WASHINGTON — House panel members on Wednesday opposed federal bailouts for municipal governments and were reluctant to provide states with bankruptcy protection, but they seemed to support requiring improved public pension fund disclosure.
Members of the House Oversight and Government Reform Committee’s panel on TARP and Financial Services discussed these issues at a hearing called, “State and Municipal Debt: The Coming Crisis?,” against a backdrop of growing concern about the severe economic straits facing some governments.
“The perfect storm is brewing, already state and municipal governments are coming to Washington, hat-in-hand, expecting a federal bailout like so many others,” said Rep. Patrick McHenry, R-N.C., the panel’s chairman. “But the era of the bailout is over.”
While some Republicans, who fear that growing unfunded public-sector pension obligations could trigger a wave of defaults, explore drafting legislation to give states the option of filing for bankruptcy protection, several lawmakers on the panel telegraphed support for a middle ground: better public pension disclosure.
In his opening remarks, Rep. Mike Quigley of Illinois, the top Democrat on the panel, stressed the need for financially strapped states to impose fiscal reform, not resort to bankruptcy. The majority of states are well-managed, he said, but are struggling with deficits spawned by rising health care costs, underfunded pension plans and a recessionary dip in tax revenues.

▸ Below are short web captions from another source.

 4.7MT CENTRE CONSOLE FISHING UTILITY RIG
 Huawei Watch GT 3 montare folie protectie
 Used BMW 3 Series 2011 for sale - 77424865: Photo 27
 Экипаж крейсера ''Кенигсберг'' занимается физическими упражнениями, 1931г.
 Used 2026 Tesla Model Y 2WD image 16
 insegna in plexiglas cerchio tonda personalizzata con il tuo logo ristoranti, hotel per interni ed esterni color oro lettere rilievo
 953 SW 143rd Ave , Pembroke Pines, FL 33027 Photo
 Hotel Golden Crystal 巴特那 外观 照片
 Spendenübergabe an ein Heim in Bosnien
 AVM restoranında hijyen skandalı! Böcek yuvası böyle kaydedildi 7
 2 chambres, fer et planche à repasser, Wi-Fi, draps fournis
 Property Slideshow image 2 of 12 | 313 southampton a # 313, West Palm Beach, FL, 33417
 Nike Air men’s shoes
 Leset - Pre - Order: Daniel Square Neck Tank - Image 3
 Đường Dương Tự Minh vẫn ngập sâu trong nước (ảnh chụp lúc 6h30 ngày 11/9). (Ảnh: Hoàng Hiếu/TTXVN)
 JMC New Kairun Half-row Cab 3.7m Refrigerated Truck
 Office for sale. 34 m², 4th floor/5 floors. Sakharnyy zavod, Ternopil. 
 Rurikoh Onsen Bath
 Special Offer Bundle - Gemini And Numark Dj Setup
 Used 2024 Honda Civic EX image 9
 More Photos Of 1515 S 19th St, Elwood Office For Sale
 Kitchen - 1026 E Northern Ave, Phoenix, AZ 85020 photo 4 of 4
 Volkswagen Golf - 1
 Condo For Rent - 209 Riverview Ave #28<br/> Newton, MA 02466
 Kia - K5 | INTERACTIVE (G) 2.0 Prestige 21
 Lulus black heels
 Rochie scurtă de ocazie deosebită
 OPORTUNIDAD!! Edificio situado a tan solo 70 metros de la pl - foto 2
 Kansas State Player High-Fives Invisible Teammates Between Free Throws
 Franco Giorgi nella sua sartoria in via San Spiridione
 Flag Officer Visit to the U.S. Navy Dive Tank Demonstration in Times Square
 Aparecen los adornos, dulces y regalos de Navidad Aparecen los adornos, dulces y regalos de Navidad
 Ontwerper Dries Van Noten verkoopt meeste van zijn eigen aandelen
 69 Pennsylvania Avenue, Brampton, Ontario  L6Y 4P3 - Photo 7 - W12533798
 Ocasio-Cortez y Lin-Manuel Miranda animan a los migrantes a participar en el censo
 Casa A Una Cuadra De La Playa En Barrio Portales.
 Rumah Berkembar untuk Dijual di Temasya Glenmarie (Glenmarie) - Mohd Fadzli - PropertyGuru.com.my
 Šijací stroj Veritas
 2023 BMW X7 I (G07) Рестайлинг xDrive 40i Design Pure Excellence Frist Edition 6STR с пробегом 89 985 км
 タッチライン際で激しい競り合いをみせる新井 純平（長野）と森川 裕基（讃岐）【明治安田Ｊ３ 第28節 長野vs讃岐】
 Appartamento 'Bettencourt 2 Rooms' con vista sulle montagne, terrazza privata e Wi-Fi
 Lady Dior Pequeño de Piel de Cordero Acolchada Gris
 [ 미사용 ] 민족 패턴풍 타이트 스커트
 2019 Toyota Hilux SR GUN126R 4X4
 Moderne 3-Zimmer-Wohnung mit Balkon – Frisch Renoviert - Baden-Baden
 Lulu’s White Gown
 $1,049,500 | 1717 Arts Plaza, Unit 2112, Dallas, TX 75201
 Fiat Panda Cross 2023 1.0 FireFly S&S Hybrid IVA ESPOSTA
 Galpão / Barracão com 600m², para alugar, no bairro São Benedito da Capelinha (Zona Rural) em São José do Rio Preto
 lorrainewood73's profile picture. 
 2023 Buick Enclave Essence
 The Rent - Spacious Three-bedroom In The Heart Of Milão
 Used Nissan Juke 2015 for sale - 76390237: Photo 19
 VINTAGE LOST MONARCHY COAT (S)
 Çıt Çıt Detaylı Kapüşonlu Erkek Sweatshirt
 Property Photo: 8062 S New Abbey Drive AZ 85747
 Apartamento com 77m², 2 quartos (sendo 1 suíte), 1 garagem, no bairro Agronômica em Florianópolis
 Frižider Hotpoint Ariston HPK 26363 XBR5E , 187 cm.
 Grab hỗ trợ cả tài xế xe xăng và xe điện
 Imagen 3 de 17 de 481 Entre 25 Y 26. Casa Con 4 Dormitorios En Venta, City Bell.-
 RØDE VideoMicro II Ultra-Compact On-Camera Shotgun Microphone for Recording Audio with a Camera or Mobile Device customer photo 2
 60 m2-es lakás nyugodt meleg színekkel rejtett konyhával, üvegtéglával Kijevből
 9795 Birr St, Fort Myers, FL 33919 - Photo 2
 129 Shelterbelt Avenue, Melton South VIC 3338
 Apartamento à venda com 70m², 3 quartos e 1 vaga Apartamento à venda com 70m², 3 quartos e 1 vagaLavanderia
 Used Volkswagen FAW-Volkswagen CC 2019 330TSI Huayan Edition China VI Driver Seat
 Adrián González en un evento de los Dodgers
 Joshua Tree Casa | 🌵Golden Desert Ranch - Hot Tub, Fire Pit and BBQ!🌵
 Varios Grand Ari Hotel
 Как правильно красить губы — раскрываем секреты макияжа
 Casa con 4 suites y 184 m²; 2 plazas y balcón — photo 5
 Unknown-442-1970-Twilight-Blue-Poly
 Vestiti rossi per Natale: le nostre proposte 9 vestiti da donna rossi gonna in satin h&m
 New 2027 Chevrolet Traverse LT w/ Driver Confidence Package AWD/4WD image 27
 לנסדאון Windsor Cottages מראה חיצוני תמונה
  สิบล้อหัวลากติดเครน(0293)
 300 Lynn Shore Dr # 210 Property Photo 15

Quigley said a few “bad apples,” including his home state, have mismanaged their state pension plans, but a “one-size-fits-all approach, like bankruptcy, could do more harm than good.” He stressed the need for states to impose “common-sense reforms” to improve their finances.
“All we need is the political will to get it done,” he said.
Several of the witnesses echoed Quigley’s remarks, saying states already have the tools they need to deal with fiscal problems, ranging from spending cuts and tax hikes, to stabilizing their finances and shoring up their pension systems.
“There’s no credible evidence of a bubble or crisis in state or local bonds,” said Iris J. Lav, a senior adviser at the Center on Budget and Policy Priorities.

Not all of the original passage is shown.